Put some of the paste into a 2" cookie or biscuit cutter, filling it up ~¾" high.  Press down with your fingers until compacted.  Remove the cutter carefully and repeat until all the paste is used up.

Wrap in cellophane or tissue paper, if you wish.**
*pistachios, pecans, or almonds could also be substituted to make a different type of marzipan.
**wrapping mazapanes/marzipans: To prepare a cellophane or tissue paper wrapping, cut 10 pieces into 4"x3" rectangles.  Then cut thin strips of a little less than 1" from the short sides toward the center all the way down.  Put the marzipans in the center and roll over so the candy is fully covered, then twist the ends.  
The only negative thing about these mazapanes- they disappear too quickly.  Which leaves a certain someone asking me when I'm going to make another batch.  Every hour or so.  When are you gonna make more?  Are you gonna make some more now?  Is this what you use to make the mazapan?  Do you need me to get your food processor for you?  I created a monster.

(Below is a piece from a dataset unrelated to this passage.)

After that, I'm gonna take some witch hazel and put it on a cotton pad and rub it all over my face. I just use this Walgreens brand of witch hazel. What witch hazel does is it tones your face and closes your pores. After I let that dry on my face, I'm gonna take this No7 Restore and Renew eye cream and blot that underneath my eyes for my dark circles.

I do think these would be a fun treat to make and wrap and give out to guests.  So I will blame the fact that I didn't think ahead and buy some cellophane.  And the tissue paper was conveniently "hidden" until after they had all disappeared.  I was even out of parchment and wax paper.  I wound up cutting up some birthday treat bags that I had sitting around (where the tissue paper should have been) and using it to separate the marzipans.  They slid easily into a baggie or air tight container from that point.  Too bad they didn't stay there too long.  Not that they couldn't have.  Just that they didn't.